- [Task item] Copy the lines running from the one that contains "T-shirts Women Bandage" to the end of the entries below, exactly and with no pictures.

- [Data excerpts]

BEGIN

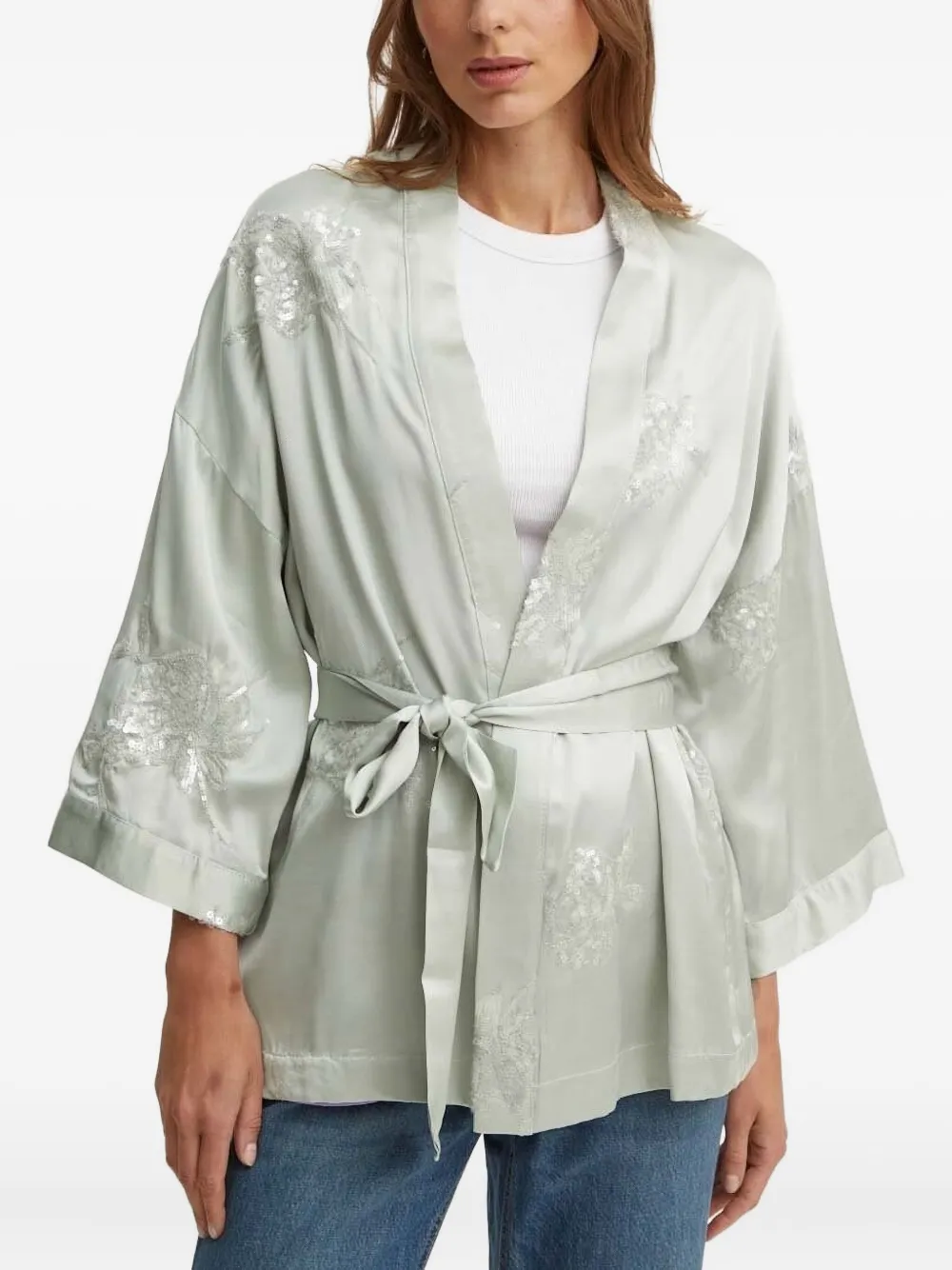 

Топ с пайетками Sandro Ferrone, серый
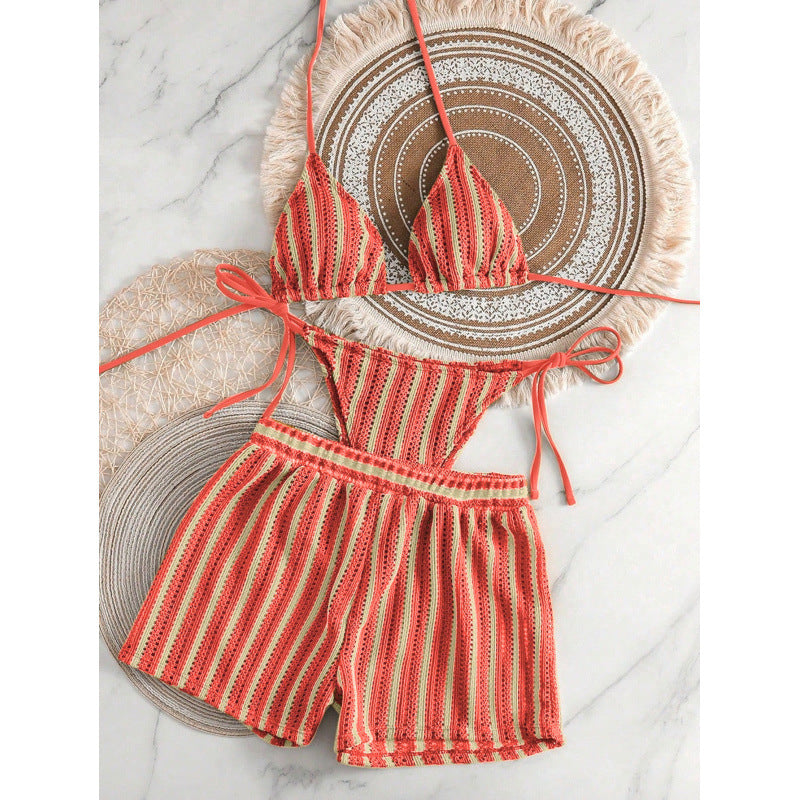 Damen Zweiteiliges Freizeitbadeoutfit mit verstellbarem Oberteil und elastischen Shorts EB
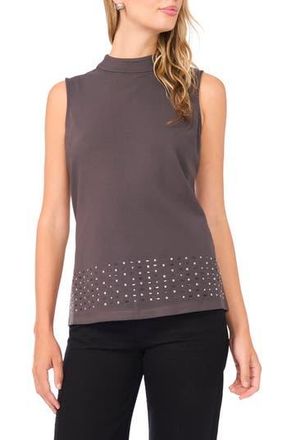 Vince Camuto Bead Detail Mock Neck Top in Medium Heather Grey at Nordstrom Rack, Size Xx-Small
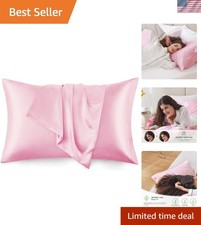 Machine Washable King Size Satin Pillowcases - Set of 2 for -Round Comfort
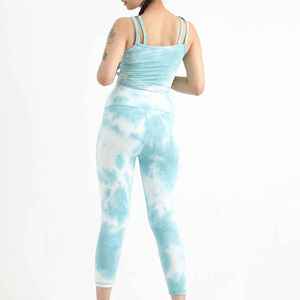 Customized Logo High Quality Lightweight Seamless Breathable Spandex <b>Polyester</b> <b>Tie</b> Dye Print 2 Piece Women Yoga Set - Product Image 3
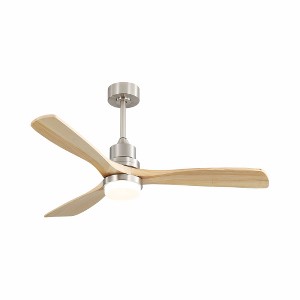 BestParts 52" Metal & Wood Ceiling Fan - Dimmable LED Light, Remote Control, Energy-Saving DC Motor - 1 of 4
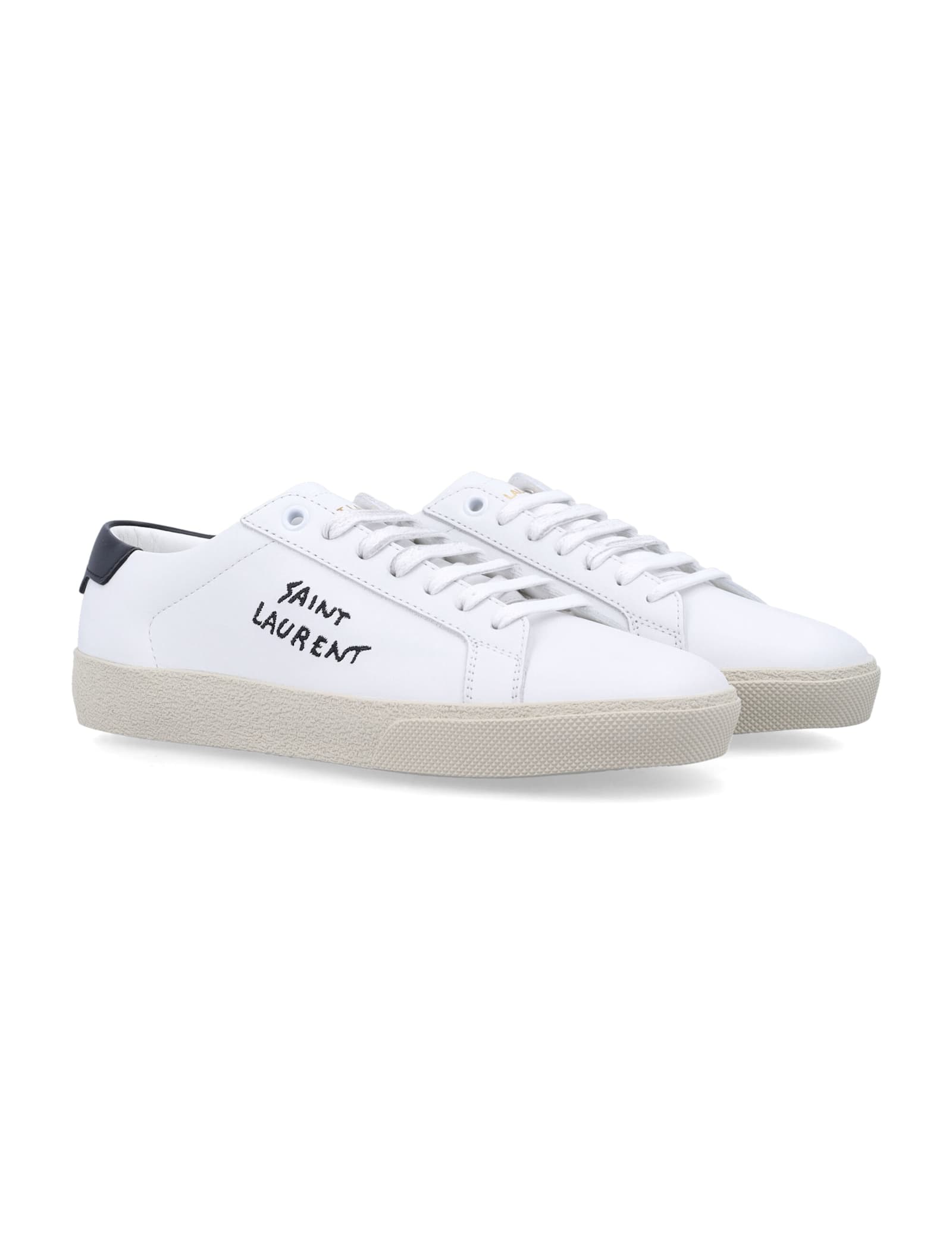 Saint Laurent Court Classic Sl/06 White Leather Sneakers With Black Heel Tab In White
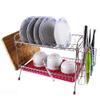 Cutlery Basket New Stainless Steel 2-Tier Cutlery Kitchen Dish Drying RackDish Drainer Rack with Drainboard Dish Rack view 3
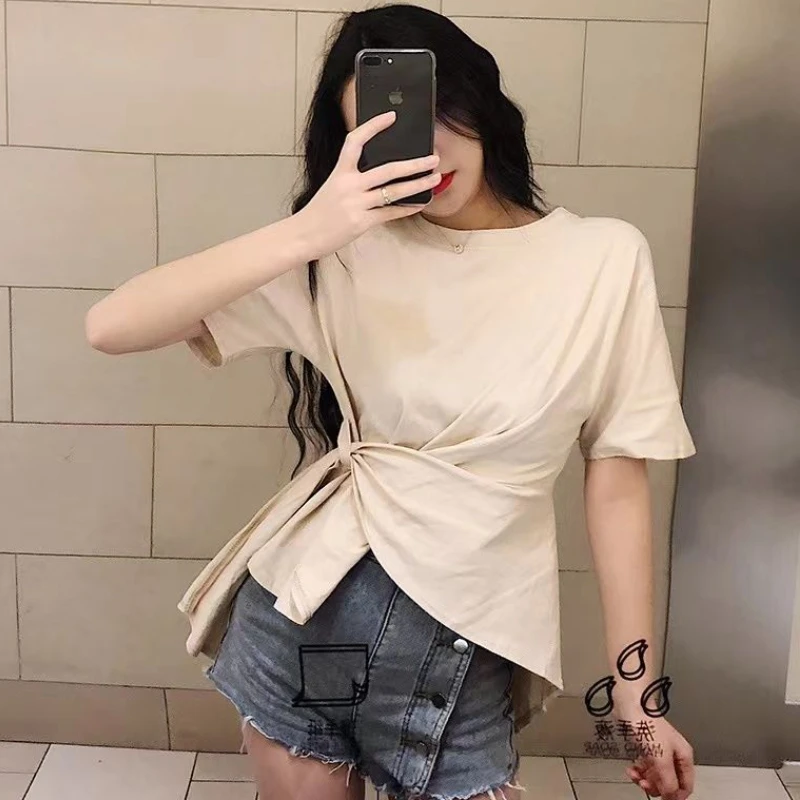 T-shirts Women Bandage Fashion Irregular Design Streetwear All-match Simple Elegant Korean Style Leisure Personality Tender Ins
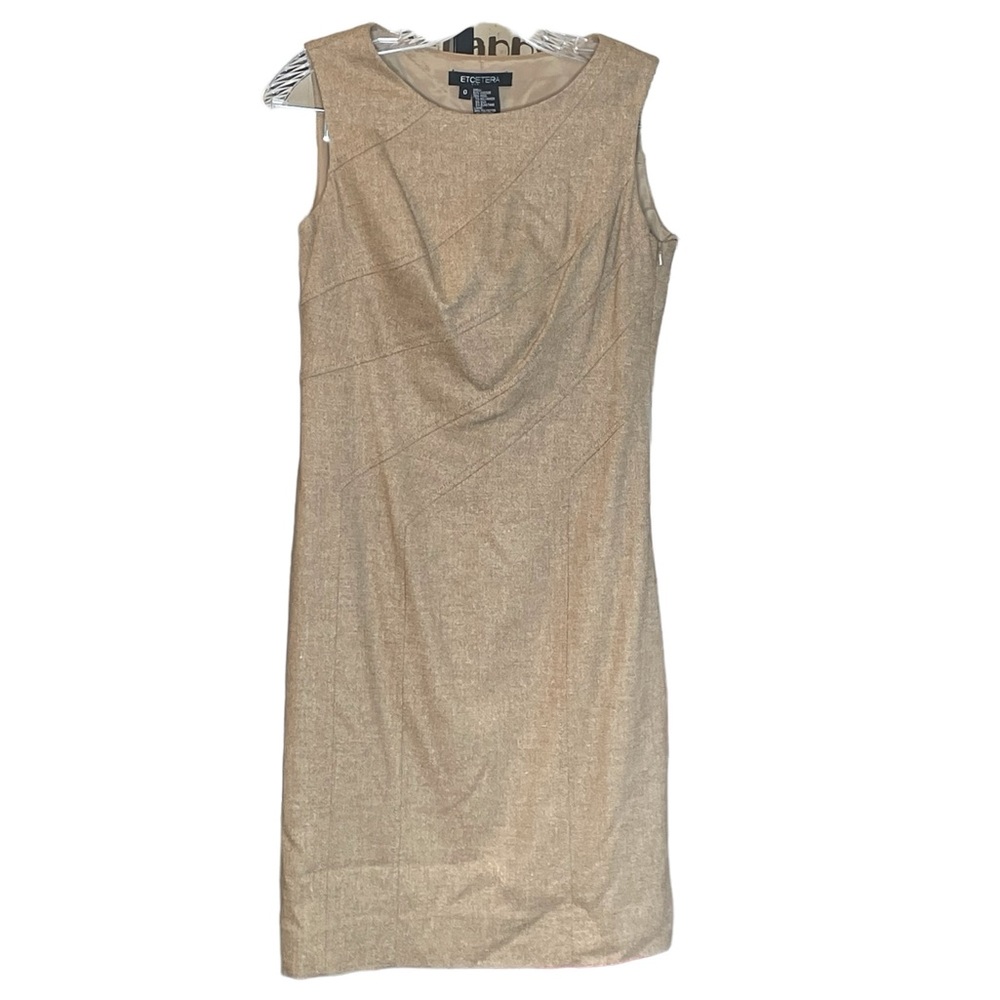 Etcetera Brown Wool Blend Sleeveless Dress, Lined,‎ Size 0, NWT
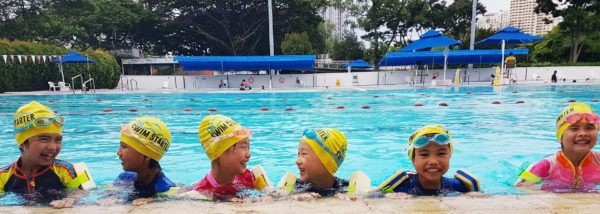 Children in a swimming pool at a Swim Starter class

END

- [Solution to this task]
 T-shirts Women Bandage Fashion Irregular Design Streetwear All-match Simple Elegant Korean Style Leisure Personality Tender Ins
 Etcetera Brown Wool Blend Sleeveless Dress, Lined,‎ Size 0, NWT
 Children in a swimming pool at a Swim Starter class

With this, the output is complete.